Don't be embarrassed, David. It's just a g-string.
On Thursday night, two of my sisters and I took in a David Sedaris reading at our local symphony hall. It was a birthday present to my youngest sibling, but I have to admit it was a bit of a selfish gift.

See, I totally and completely love David Sedaris, and I contemplated taking a pair of panties with me to throw on stage in the middle of his reading. Of course he's gay, so I decided that would be somewhat useless. Briefly, I considered taking a pair of my husband's boxers and tossing them up on the stage, but since my husband was at home taking care of our children I figured that was a bit disingenuous, to say the least. I mean, I don't think Jim's read even one of David Sedaris' books.

Anyway, in the middle of laughing my ass off at one of David Sedaris' essays, my phone starts lighting up with texts. (Yes, I know, I'm one-of-those-parents who doesn't turn off the smart phone when I'm at an event. I have a child with special needs, I sneer when people glare at me.

Ok, no one has ever glared at me, but, you know, best to be prepared. It's hard to come up with something really good off-the-cuff like that. And my mother frowns upon my "the fuck you lookin' at?" response. Besides, it was on vibrate, people!)

At 8:30pm each night, Conor earns time on his iPhone. When he has earned enough tokens with good behavior, that is. My boy is mad, mad, I tell you, for texting, and recently he's discovered how to share the contacts on his phone with other people on his approved list. (He's not allowed to text just anybody. What are you, nuts?)

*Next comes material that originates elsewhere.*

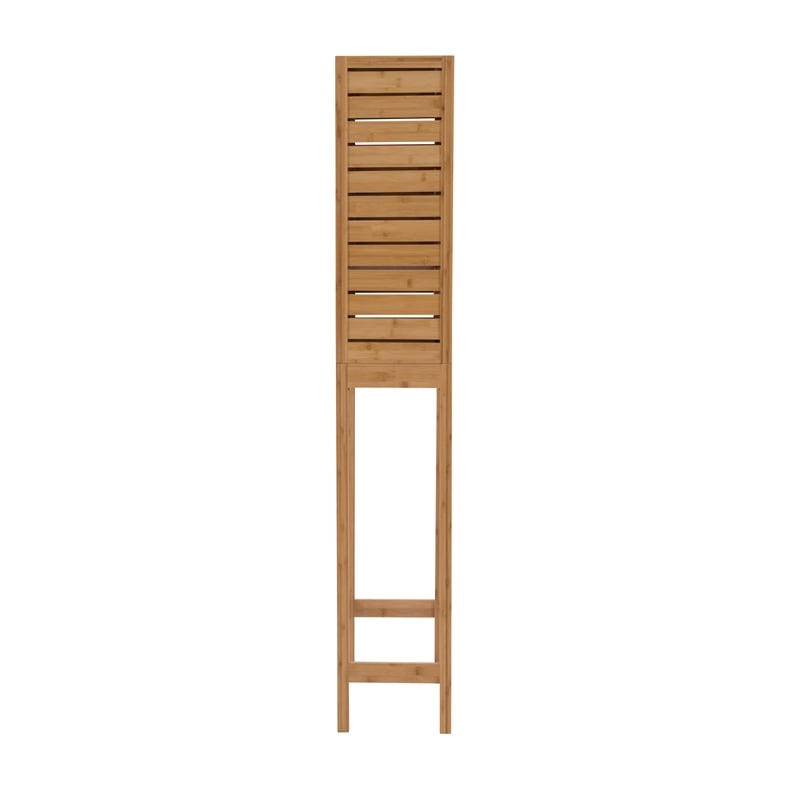 Linon Bracken Sturdy Solid Bamboo Spacesaver with Sliding Doors in Natural Brown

He's also figured out how to search the internet and find the contact information for his favorite stores. Then he inputs them into his Contact list. And next, bam, you've got the store's contact information in a text message.


Now, Hot Pots is a paint-your-own-pottery place that my son has started frequenting. To me, Hot Pots sounds vaguely like some second rate strip joint. Like--yeah, I'd love to dip my bread in her fondue kind of thing.

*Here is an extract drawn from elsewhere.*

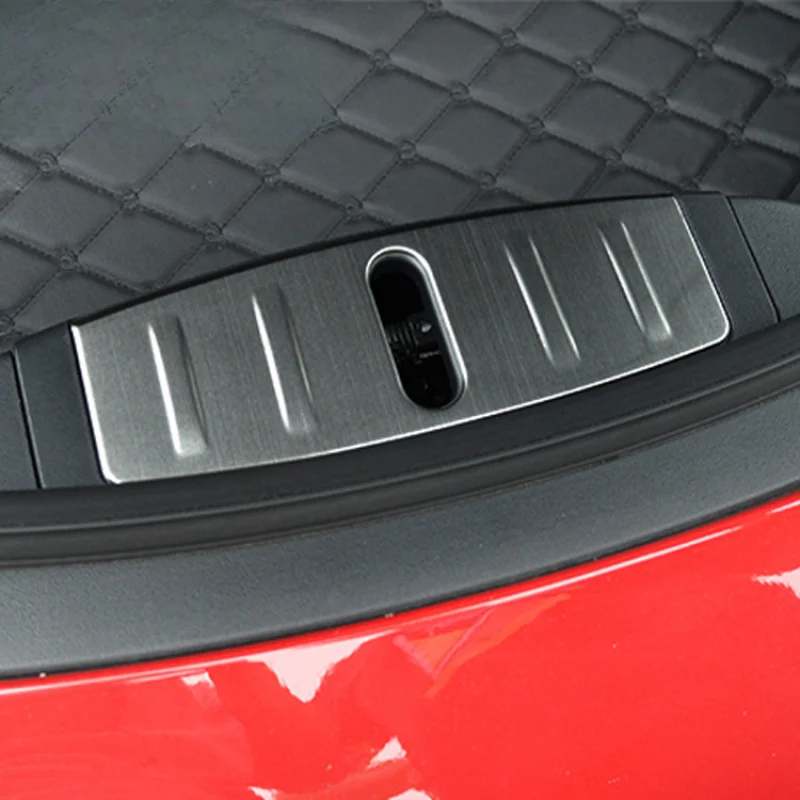 Suitable for Tesla Model 3 Stainless Steel Front and Rear Protective Plate Protective Sticker Anti-Collision Modification Guard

In reality, it's nothing like that, obvs. He IS totally cheating on his main paint-your-own-pottery squeeze, Amazing Glaze, but I guess he wouldn't be the first man to go looking for some Hot Pots on the side, you know?

I'm thrilled that Conor has learned to text. It's important that he continues to learn to communicate effectively as he gains more independence, and now he can socialize like many of his typical peers.

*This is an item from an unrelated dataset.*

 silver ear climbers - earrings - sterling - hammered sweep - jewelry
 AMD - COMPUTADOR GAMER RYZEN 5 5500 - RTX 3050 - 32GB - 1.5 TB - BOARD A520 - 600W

On a screen on his phone. Duh.

Teaching him to be appropriate with his texts has been a challenge, though, and as you can see from the message, it can be just another avenue to nag me or his dad about desired outings.

Wait… did I say nag? I meant perseverate.

So, we've got a whole 'nother protocol in place to address his perseverations, be it verbally or via text, which I'll share with you at another time. (God, you are so lucky. Make sure you check back on the daily to learn about the wild new perseveration protocol. It'll set your pants on fire.)

Suffice to say, I was thankful that ignoring the text was the appropriate response since I could tell the National Public Radio listener next to me was getting antsy about the glare of my iPhone screen. Besides, David Sedaris started telling stories about his sister, Amy, and the rest of his siblings going to London to celebrate Christmas with him and Hugh, and I simply couldn't stop laughing long enough to get the panties out of my pocket much less respond to Conor's texts.